The material below holds pictures, which are to be left out; copy exactly the lines from the one with "a living room" through the one with "Bedroom featuring wood-look".

BEGIN INPUT FOR THIS TASK

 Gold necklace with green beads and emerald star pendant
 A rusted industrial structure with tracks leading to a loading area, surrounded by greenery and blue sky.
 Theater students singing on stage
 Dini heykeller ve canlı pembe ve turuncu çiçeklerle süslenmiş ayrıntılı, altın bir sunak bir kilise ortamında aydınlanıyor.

END INPUT FOR THIS TASK
BEGIN INPUT FOR THIS TASK

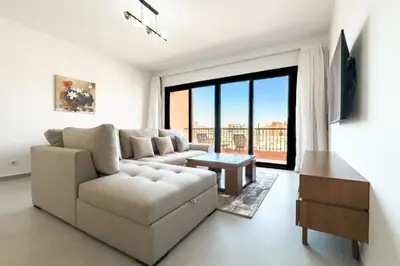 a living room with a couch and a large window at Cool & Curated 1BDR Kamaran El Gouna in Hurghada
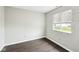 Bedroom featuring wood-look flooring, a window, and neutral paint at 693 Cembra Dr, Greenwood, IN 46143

END INPUT FOR THIS TASK

▸ WRITTEN ANSWER
 a living room with a couch and a large window at Cool & Curated 1BDR Kamaran El Gouna in Hurghada
 Bedroom featuring wood-look flooring, a window, and neutral paint at 693 Cembra Dr, Greenwood, IN 46143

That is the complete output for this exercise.